--- START ---
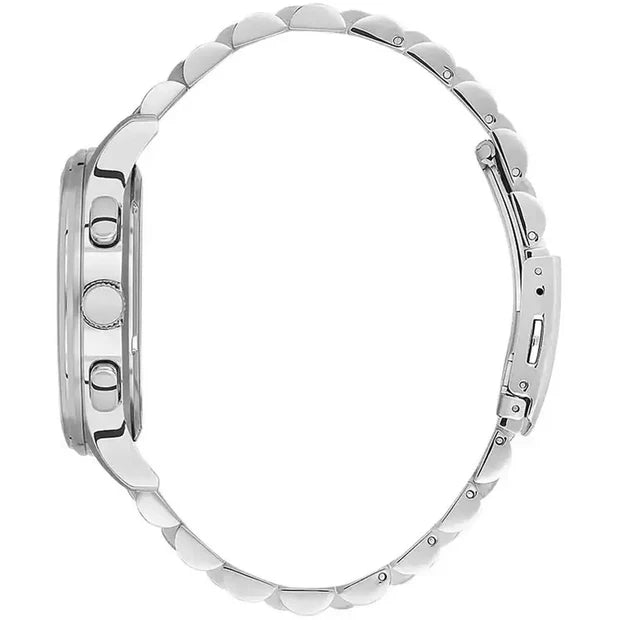 BEVERLY HILLS POLO CLUB Men's Silver Band Watch | BP3556X.330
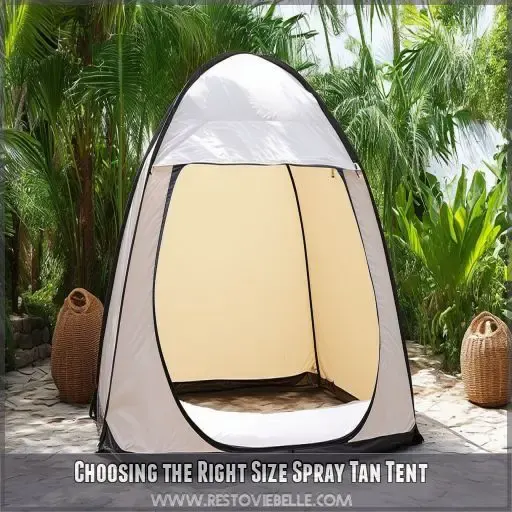 Choosing the Right Size Spray Tan Tent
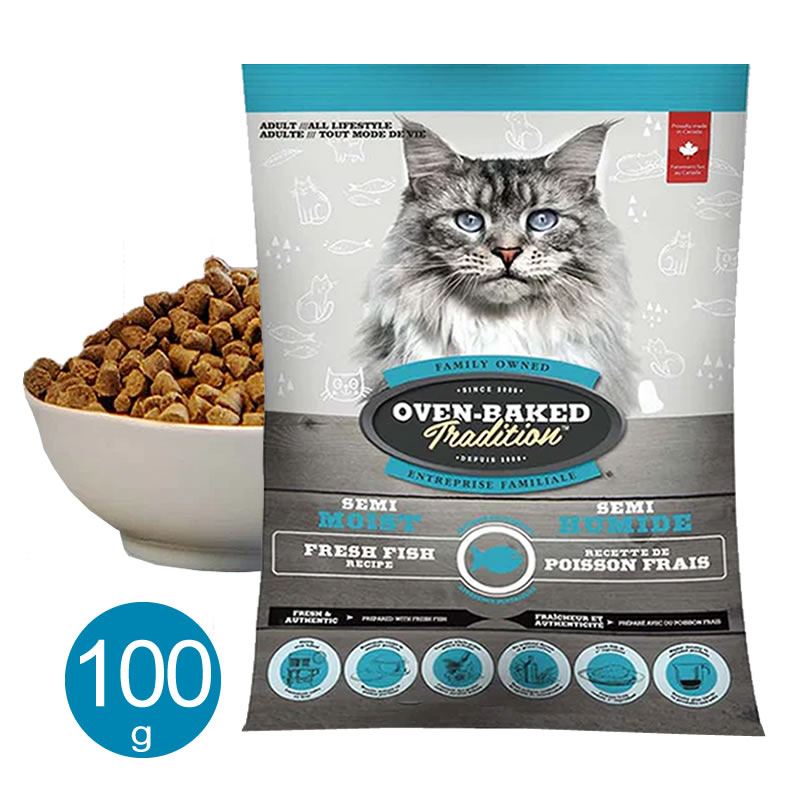 オーブンベークド キャット セミモイスト フィッシュ 100g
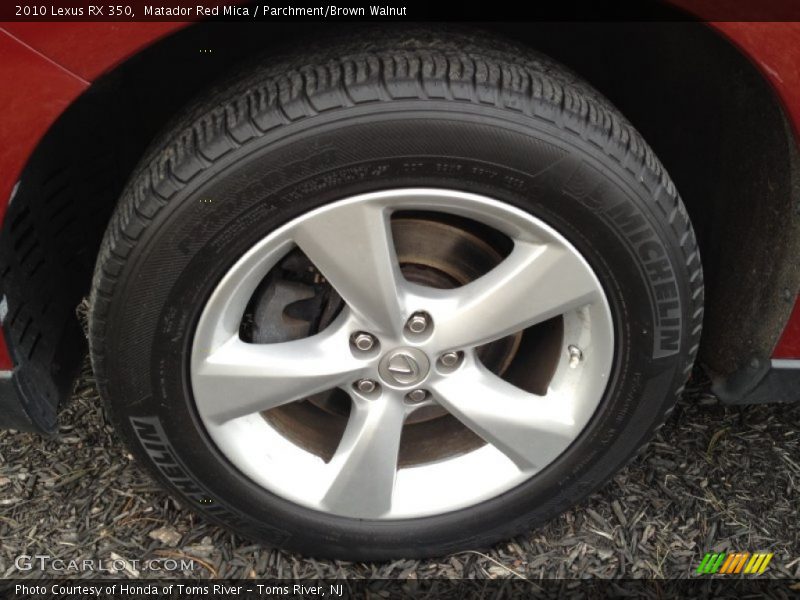 Matador Red Mica / Parchment/Brown Walnut 2010 Lexus RX 350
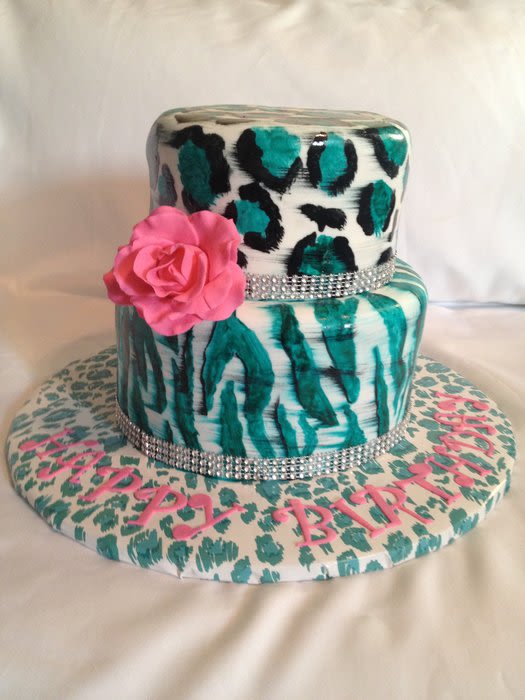 Diva Zebra Print Birthday Cakes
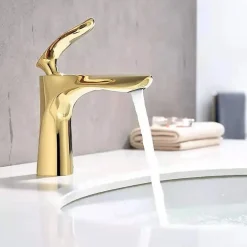 Robinet Lave-Mains|Rea Robinet de lavabo Orbit gold low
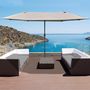 Voir la diapositive 2 : OUTSUNNY Parasol de jardin XXL parasol grande taille 4,6L x 2,7l x 2,4H cm ouverture fermeture manivelle acier polyester haute densité gris clair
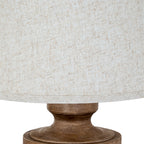 Tamsin Table Lamp With Edged Linen Shade – view 3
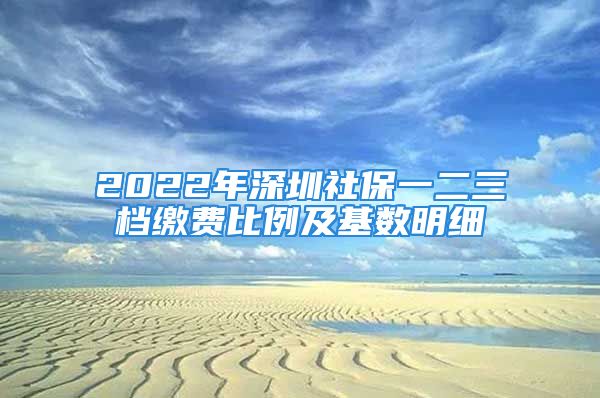 2022年深圳社保一二三档缴费比例及基数明细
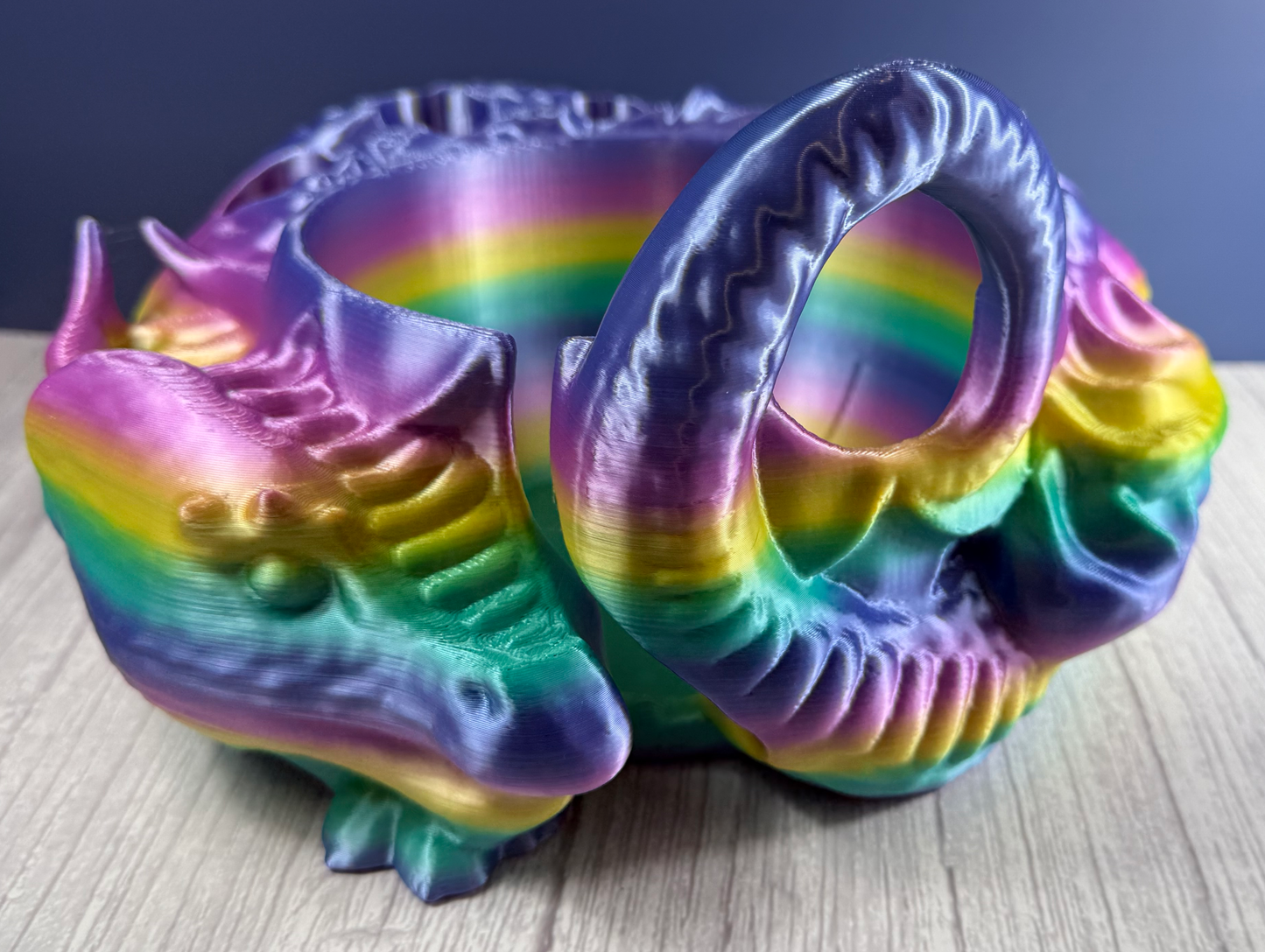 Rainbow Dragon Yarn Bowl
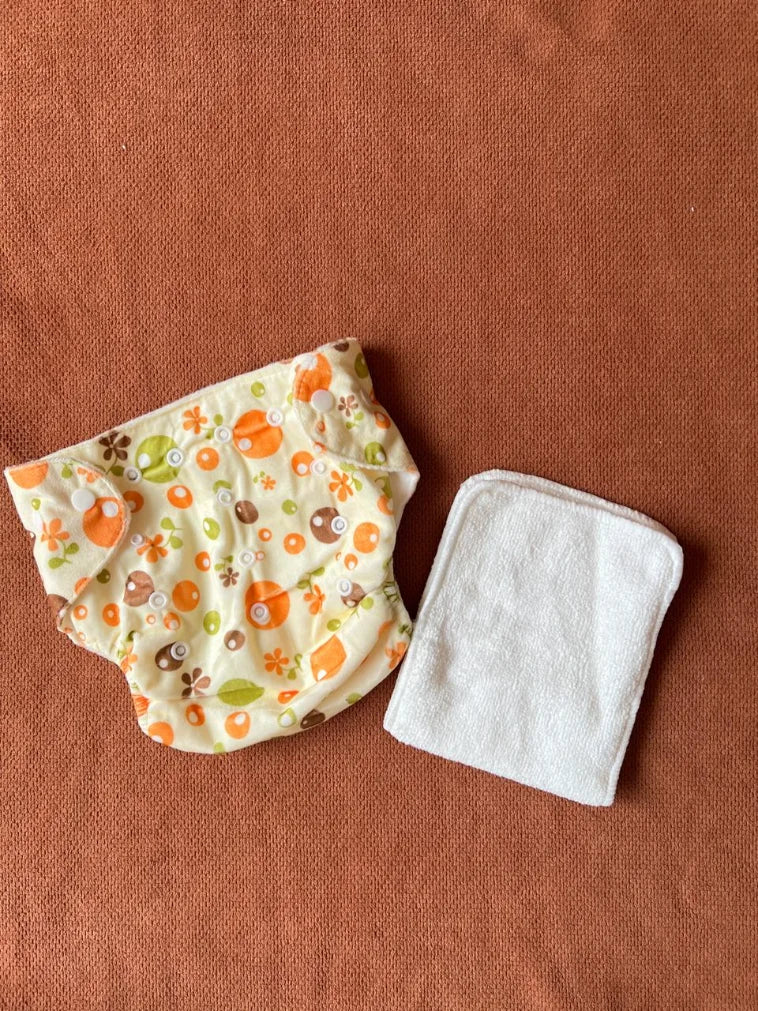 Kids Essentials Reusable Baby Diaper Pant with Absorbent Pad | Washable Nappies
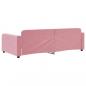 Preview: Tagesbett Rosa 100x200 cm Samt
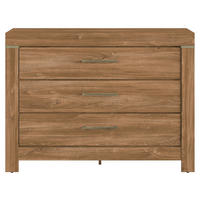 KOMODA, barvy dubu, 115/85/45 cm - barvy dubu/barvy niklu, Design, kov/kompozitní dřevo (115/85/45cm) - Welnova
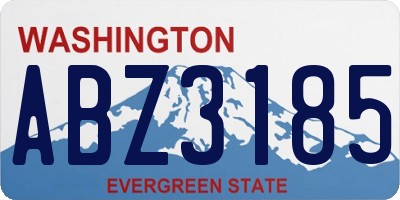 WA license plate ABZ3185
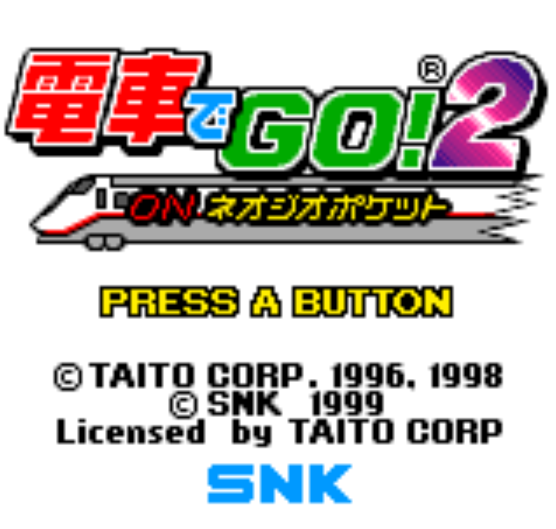  NGPC - Densha de Go! 2 on Neo Geo Pocket (네오지오 포켓 컬러 / ネオジオポケットカラー 게임 롬파일 다운로드)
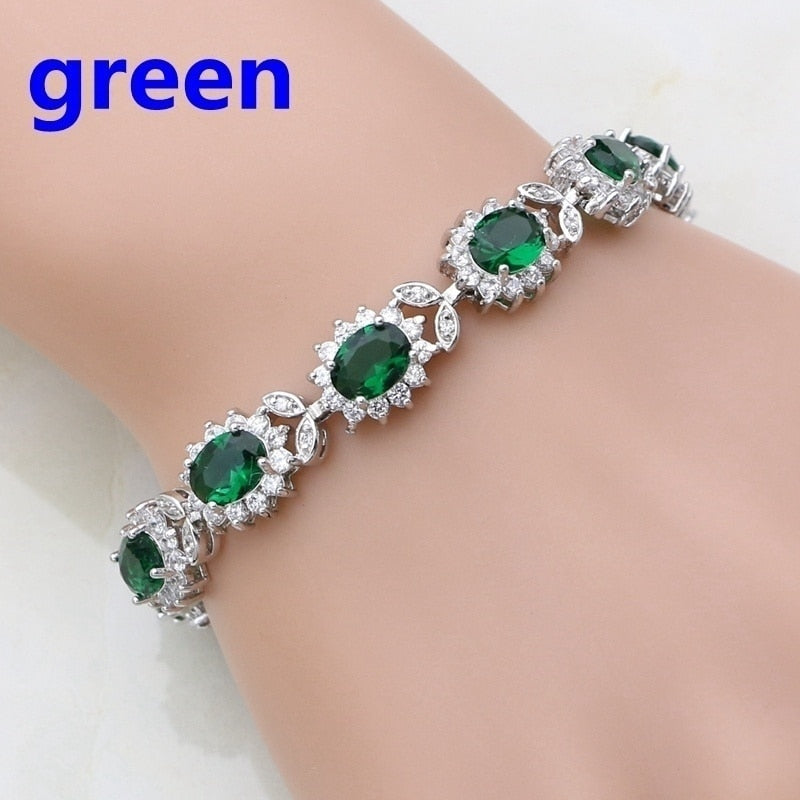 Exquisite Color Crystal Bracelet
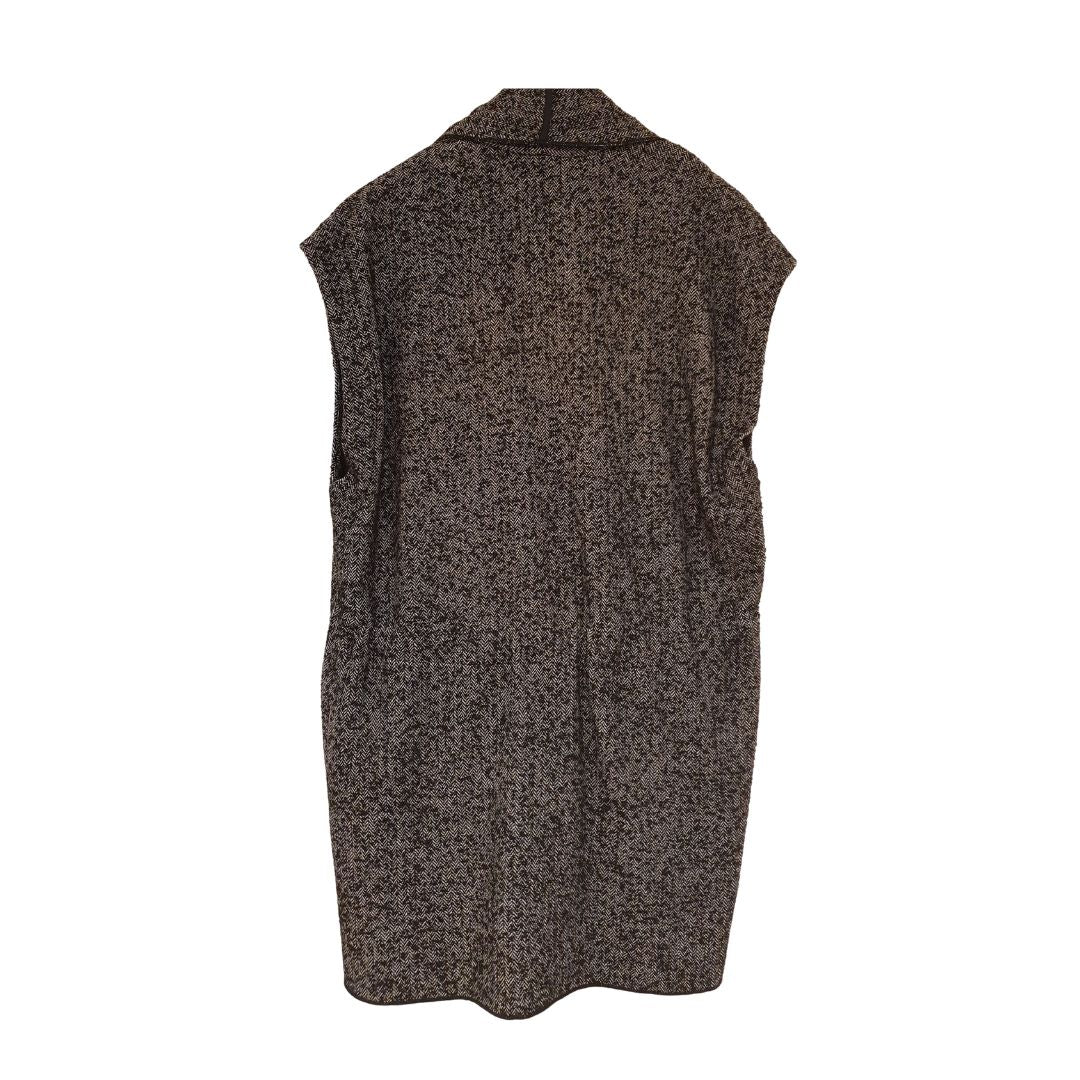 Gilet lungo spigato collo a scialle Alessia Santi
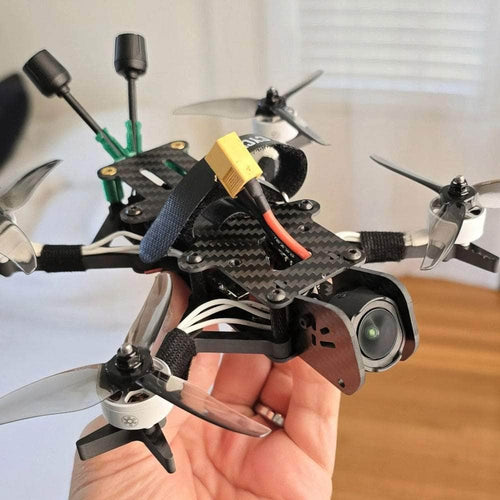 Brain3D VTX ACC Brain3D Short Dual Antenna Mount for DJI O4 Air Unit Pro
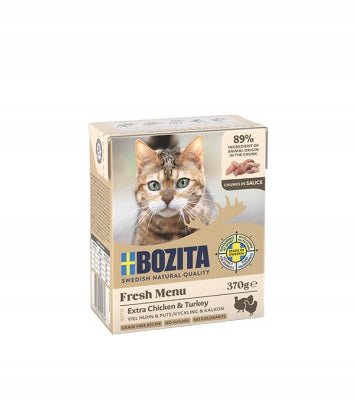 Bozita pieces in sauce with chicken and turkey 370g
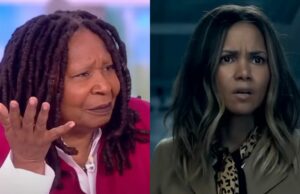Los rumores arremolinaron a Halle Berry y Whoopi Goldberg tuvieron un drama de BTS. La antigua niña de Bond siempre directa respondió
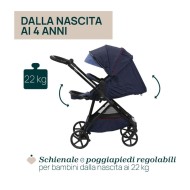 Trio Seety con seggiolino auto Kory Essential I-Size Chicco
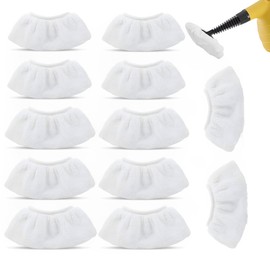 12 Packs Steam Cleaner Accessories, Universal Reusable Microfiber Cloths for Handheld Steam Cleaner, Compatible with SV7 SC5 SC4 SC3 SC2 SC1 Series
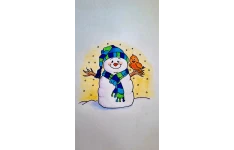 فایل نقاشی فانتزی آدم برفی با مدادرنگی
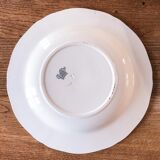 Set of 4 half-hollow Gien plates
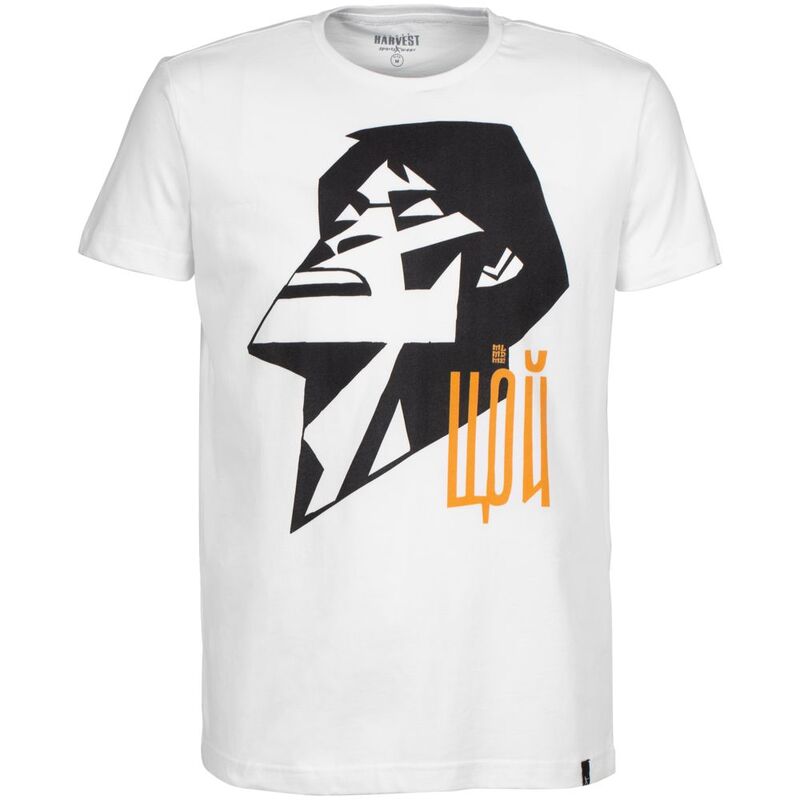 Футболка &laquo;Меламед. Виктор Цой&raquo;, белая арт.70919.60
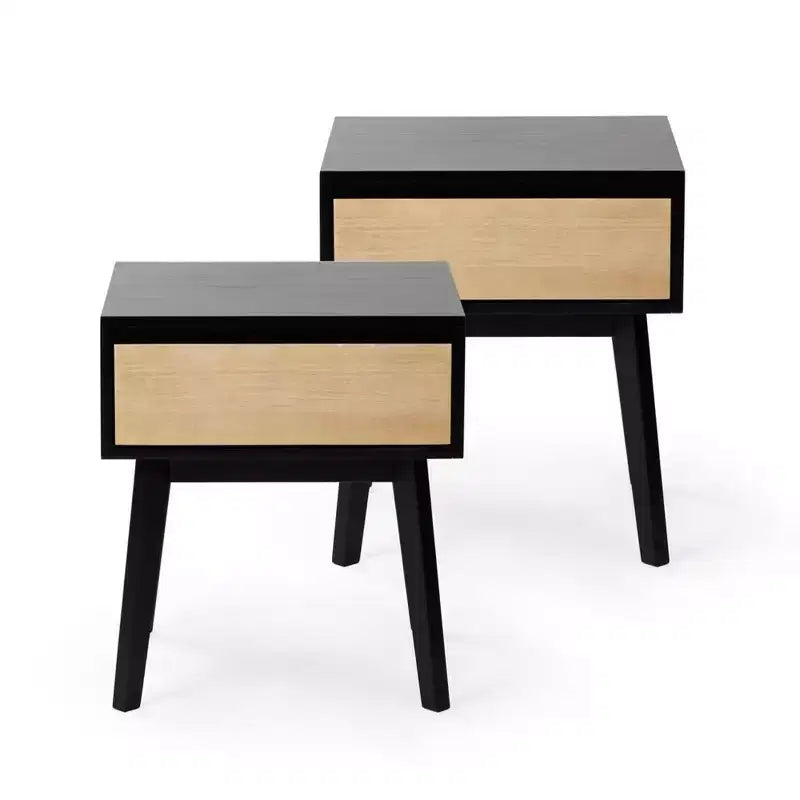 Table de chevet scandinave à 1 tiroir (paquet de 2)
--- END ---
• **Brief**
The answer should match the material exactly, with every picture removed.

• **Answer to the exercise**
 BEVERLY HILLS POLO CLUB Men's Silver Band Watch | BP3556X.330
 Choosing the Right Size Spray Tan Tent
 オーブンベークド キャット セミモイスト フィッシュ 100g
 Matador Red Mica / Parchment/Brown Walnut 2010 Lexus RX 350
 Diva Zebra Print Birthday Cakes
 Robinet Lave-Mains|Rea Robinet de lavabo Orbit gold low
 Voir la diapositive 2 : OUTSUNNY Parasol de jardin XXL parasol grande taille 4,6L x 2,7l x 2,4H cm ouverture fermeture manivelle acier polyester haute densité gris clair
 Tamsin Table Lamp With Edged Linen Shade – view 3
 2022年深圳社保一二三档缴费比例及基数明细
 Rainbow Dragon Yarn Bowl
 Kids Essentials Reusable Baby Diaper Pant with Absorbent Pad | Washable Nappies
 Preview: Tagesbett Rosa 100x200 cm Samt
 KOMODA, barvy dubu, 115/85/45 cm - barvy dubu/barvy niklu, Design, kov/kompozitní dřevo (115/85/45cm) - Welnova
 WA license plate ABZ3185
  NGPC - Densha de Go! 2 on Neo Geo Pocket (네오지오 포켓 컬러 / ネオジオポケットカラー 게임 롬파일 다운로드)
 Exquisite Color Crystal Bracelet
 Gilet lungo spigato collo a scialle Alessia Santi
 Brain3D VTX ACC Brain3D Short Dual Antenna Mount for DJI O4 Air Unit Pro
 Bozita pieces in sauce with chicken and turkey 370g
Los rumores arremolinaron a Halle Berry y Whoopi Goldberg tuvieron un drama de BTS. La antigua niña de Bond siempre directa respondió
 Trio Seety con seggiolino auto Kory Essential I-Size Chicco
 12 Packs Steam Cleaner Accessories, Universal Reusable Microfiber Cloths for Handheld Steam Cleaner, Compatible with SV7 SC5 SC4 SC3 SC2 SC1 Series
 فایل نقاشی فانتزی آدم برفی با مدادرنگی
 Set of 4 half-hollow Gien plates
 Футболка &laquo;Меламед. Виктор Цой&raquo;, белая арт.70919.60
 Table de chevet scandinave à 1 tiroir (paquet de 2)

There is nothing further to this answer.